SOURCE DATA
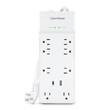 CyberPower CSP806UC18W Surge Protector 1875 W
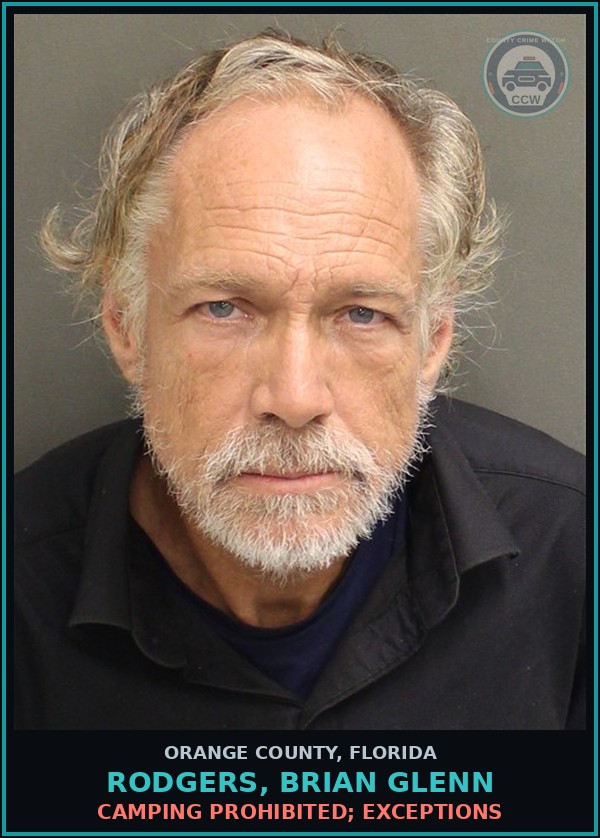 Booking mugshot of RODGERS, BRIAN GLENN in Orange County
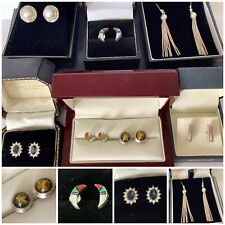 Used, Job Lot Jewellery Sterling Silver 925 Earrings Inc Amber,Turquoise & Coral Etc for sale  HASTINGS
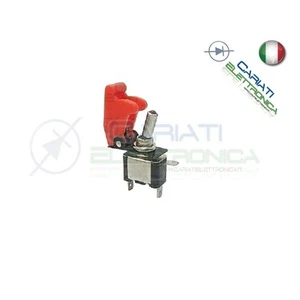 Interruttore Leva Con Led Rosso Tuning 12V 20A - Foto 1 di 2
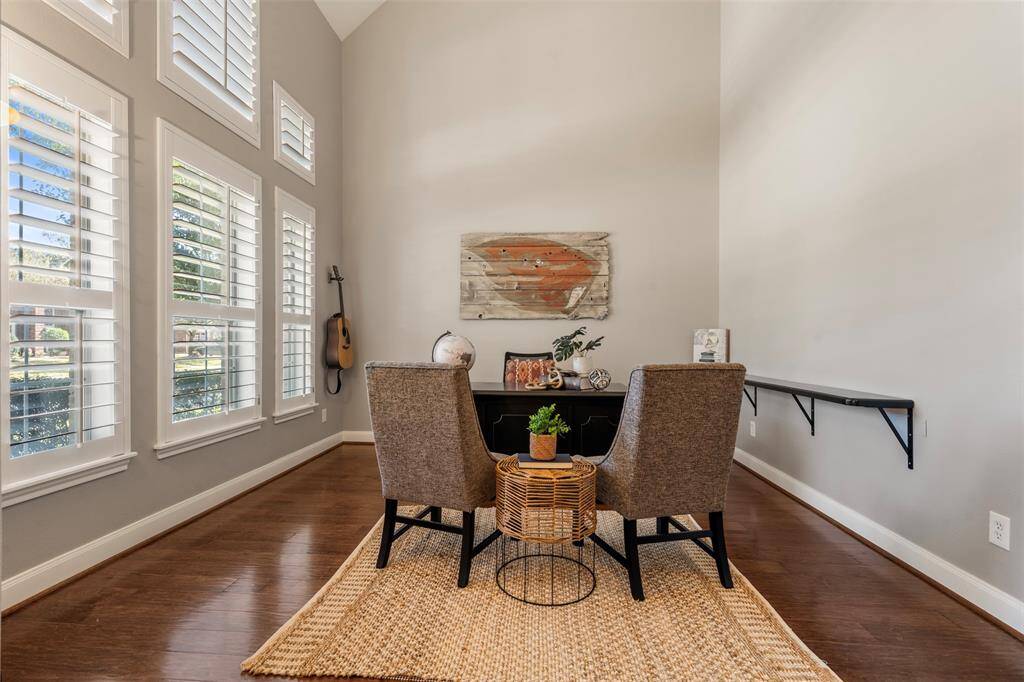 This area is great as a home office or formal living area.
--
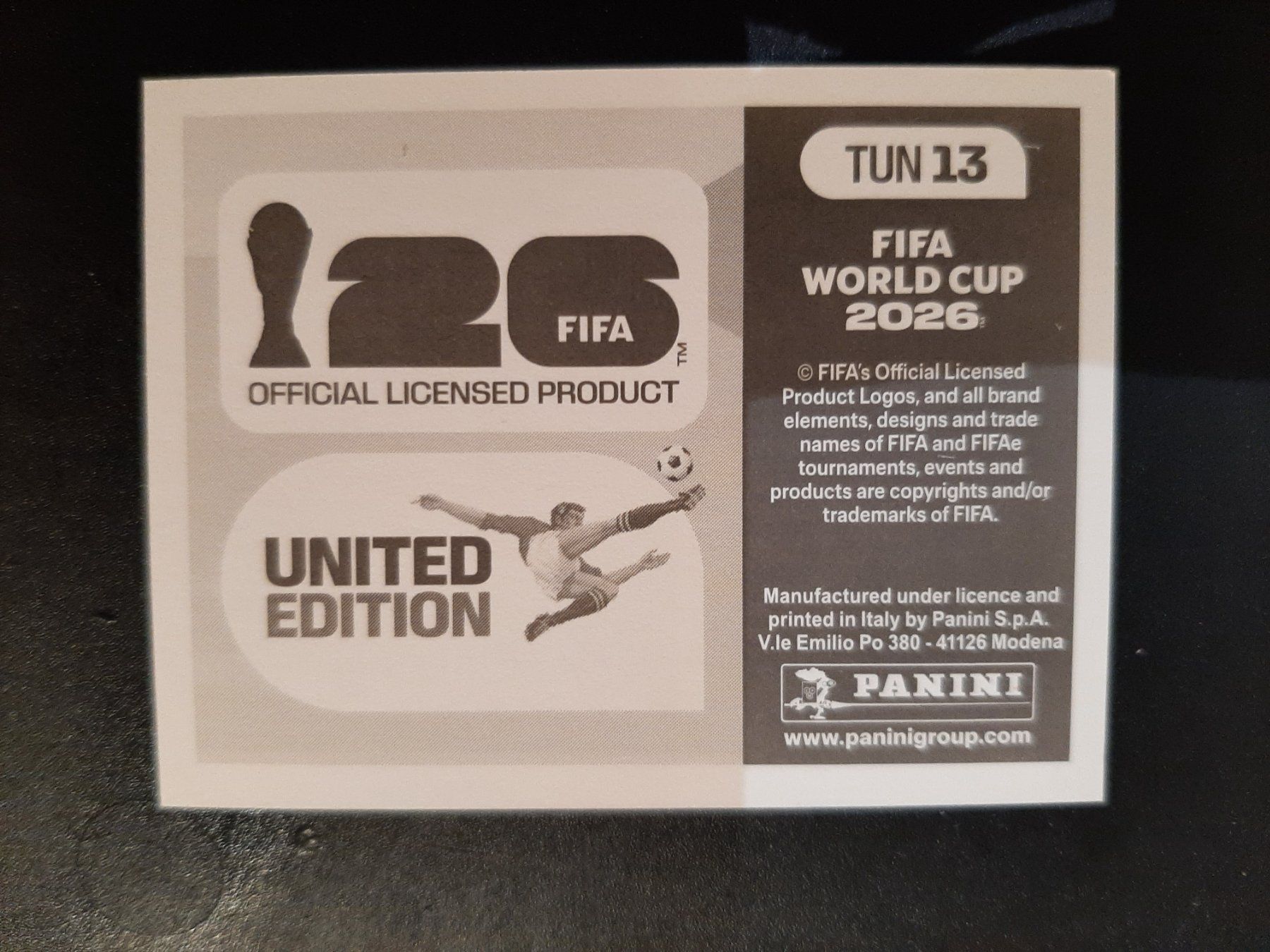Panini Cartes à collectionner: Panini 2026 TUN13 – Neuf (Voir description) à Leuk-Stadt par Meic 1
* * *
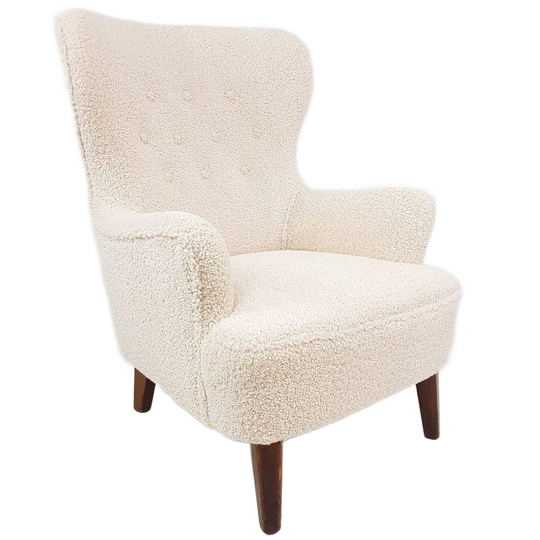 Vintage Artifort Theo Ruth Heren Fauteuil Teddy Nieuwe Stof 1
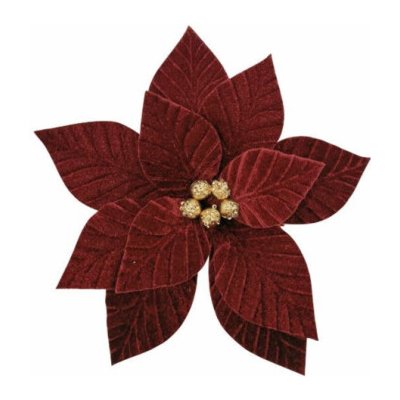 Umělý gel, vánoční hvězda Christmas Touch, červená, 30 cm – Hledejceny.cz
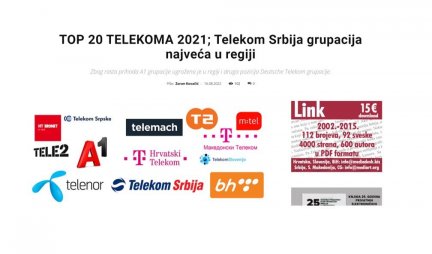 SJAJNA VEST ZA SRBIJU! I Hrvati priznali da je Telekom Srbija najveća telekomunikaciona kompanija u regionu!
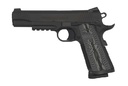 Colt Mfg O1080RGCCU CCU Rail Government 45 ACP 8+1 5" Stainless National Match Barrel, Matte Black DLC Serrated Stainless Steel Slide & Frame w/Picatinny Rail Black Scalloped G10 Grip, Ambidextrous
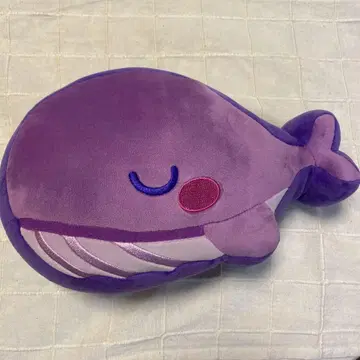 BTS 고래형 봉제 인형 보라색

TASK TO CARRY OUT
In the listing above, find the line containing "Booking mugshot of" and the line containing "This area is", then output those two lines and everything between them exactly as written, without the images.

WRITTEN RESPONSE
 Booking mugshot of RODGERS, BRIAN GLENN in Orange County
 Used, Job Lot Jewellery Sterling Silver 925 Earrings Inc Amber,Turquoise & Coral Etc for sale  HASTINGS
 Interruttore Leva Con Led Rosso Tuning 12V 20A - Foto 1 di 2
 This area is great as a home office or formal living area.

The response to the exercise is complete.